Snow rolling after a sauna

Snow-rolling after a sauna. Our brains keep our bodies in balance to have the same internal temperature whether we are in a hot sauna or rolling in the snow.

We know a lot about individual nerves and their structure and functioning but when it comes to the millions of nerves in the brain, all bundled together, organizing masses of information constantly flowing in and out, we still know quite little. One thing we do know is that the brain and heart use a type of mathematics very common to most natural systems called ‘chaos dynamics’.

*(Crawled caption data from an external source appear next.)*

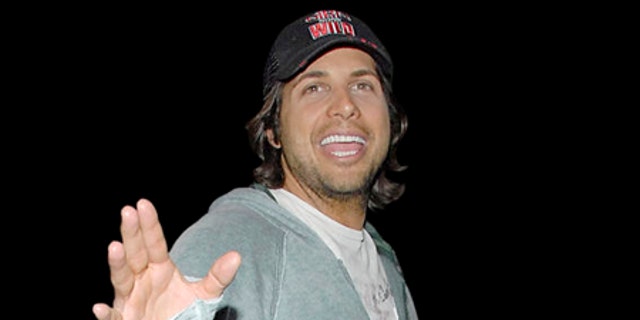 Mar. 12, 2008: Joe Francis, "Girls Gone Wild" creator, waves to fans and the press at the Los Angeles International Airport in California.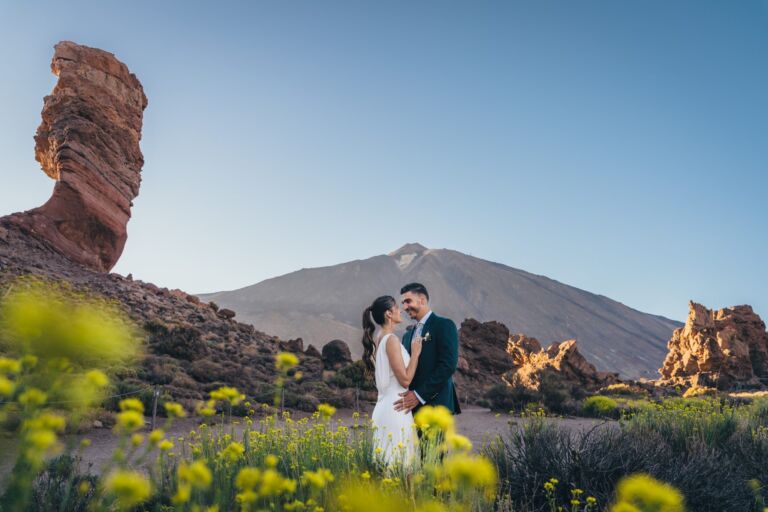 Cómo trabajo: fotógrafo bodas en Tenerife 11 Pareja de novios mirándose junto al Roque Cinchado, en los Roques de García, con el Teide al fondo y flores silvestres en primer plano, durante su postboda en Tenerife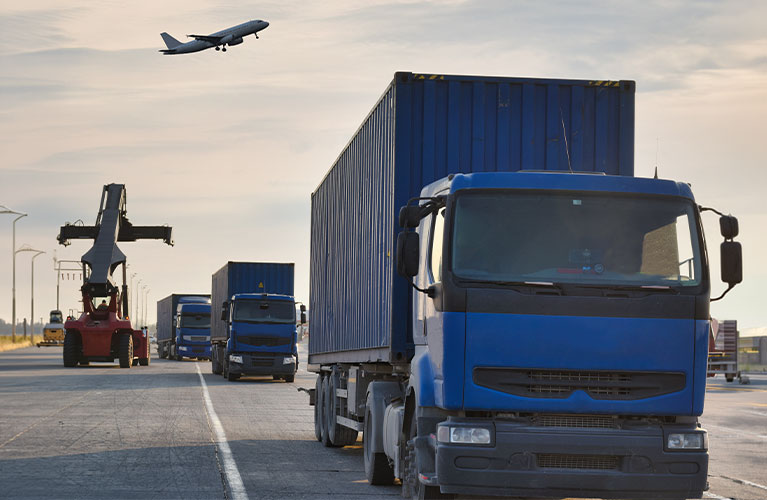 Transportfahrzeuge bewegen Container und Fracht auf dem Flughafengel&auml;nde und sorgen f&uuml;r einen sicheren sowie effizienten Ablauf der Bodenlogistik.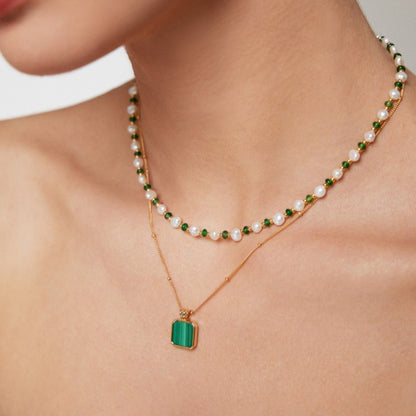 Close-up of layered necklaces with green beads, pearls, and gold chain with green pendant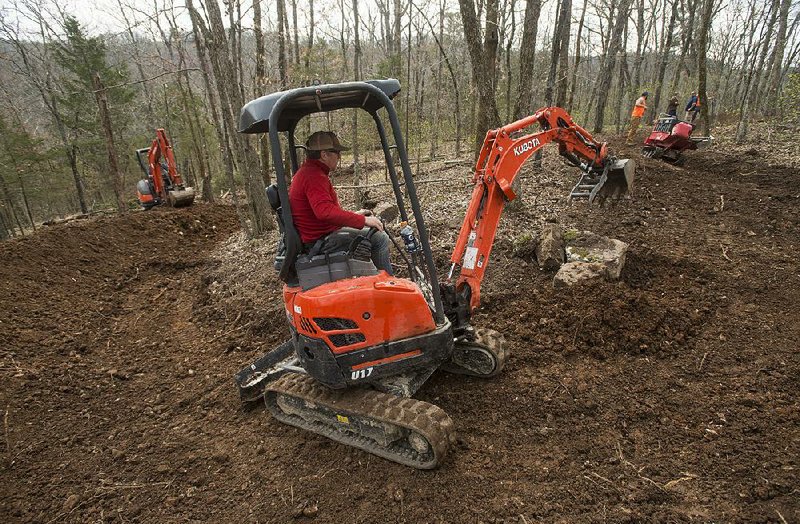 Bret Deutscher with Rock Solid Trail Contracting works on a section of trail at Lake Leatherwood Park in Eureka Springs. Construction costs for six new downhill trails is expected to run almost $1 million.  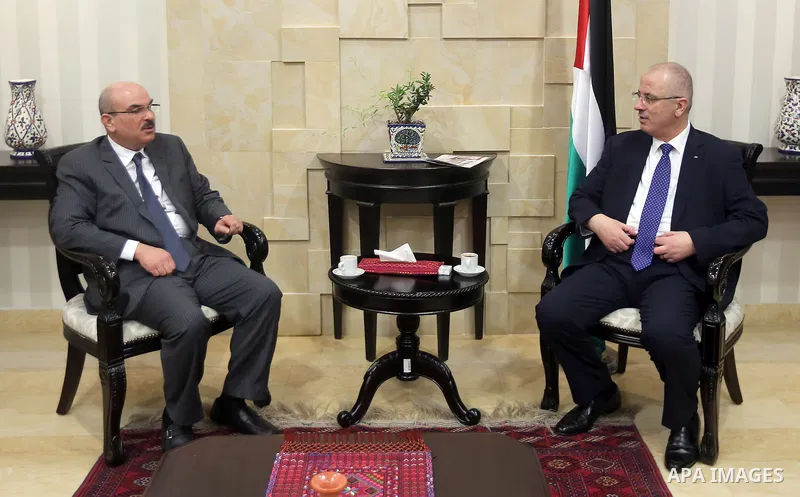 Palestinian Prime Minister, Rami Hamdallah, meets with Qatari ambassador Mohammed al-Emadi in the West bank city of Ramallah, on Sept. 19, 2015. Photo by Prime Minister Office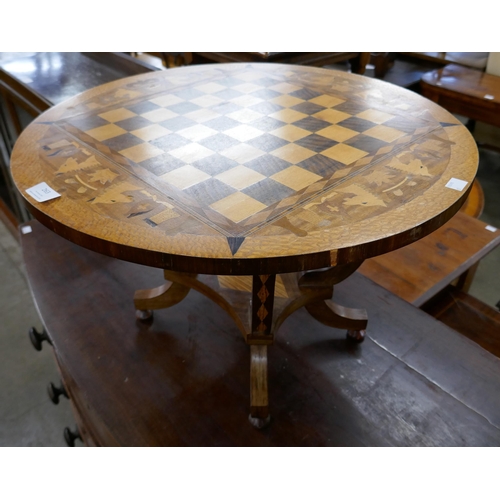 263 - A Victorian style inlaid walnut circular games table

‘Chaos’ in the mathematical sense is neither random nor completely regular. It’s the sweet spot in between. It allows the body to maintain a preferred pattern of behaviour in tandem with the continually changing environment. Living things use this ‘chaos’ to operate because they want to stay the same but also to adapt and change as necessary.

 

Lorenz equations

The graph on the left is similar to an EEG or ECG heart monitor. The heartbeat varies slightly from one beat to the next. It appears to be completely irregular with no pattern until it is analysed using chaos mathematics. Then the pattern (right) reveals itself as a controlled but flexible behaviour. If the heartbeat becomes too regular or too random, the pattern disappears.

 

We know ‘chaos’ is used by the brain but what scientists still need to discover is how this critical functional state is achieved and then controlled by the body.

After a nights sleep, our patterns of brain waves settle right into the sweet spot of organised chaos (see (b) above). It’s in this state that we can remember and calculate and think most clearly. As the day wears on, we fall out of this zone. By the late afternoon or evening, most people say they can’t think straight. If we are drained by stress or illness, it gets more difficult for our brains to get into the critical zone even after a nights sleep.

 

Signaling along the spinal cord has been shown to be altered by acupuncture

Signaling along the spinal cord has been shown to be altered by acupuncture. The acu-points have certain key properties that are needed to control ‘chaos’ in an electrical system like the brain. After a treatment, the pattern of the brain signals is pulled tightly into that critical region of organised chaos where optimal performance is supported.

Currently, neuroscientists are searching for the mysterious mechanism that is used by the body to tune the brain into the critical state of ‘chaos’. The acupuncture points play a crucial role in this task and needle stimulation of these points allows fine tuning of the system to optimum functioning. That is why we feel clear-headed, relaxed and alert with every acupuncture treatment.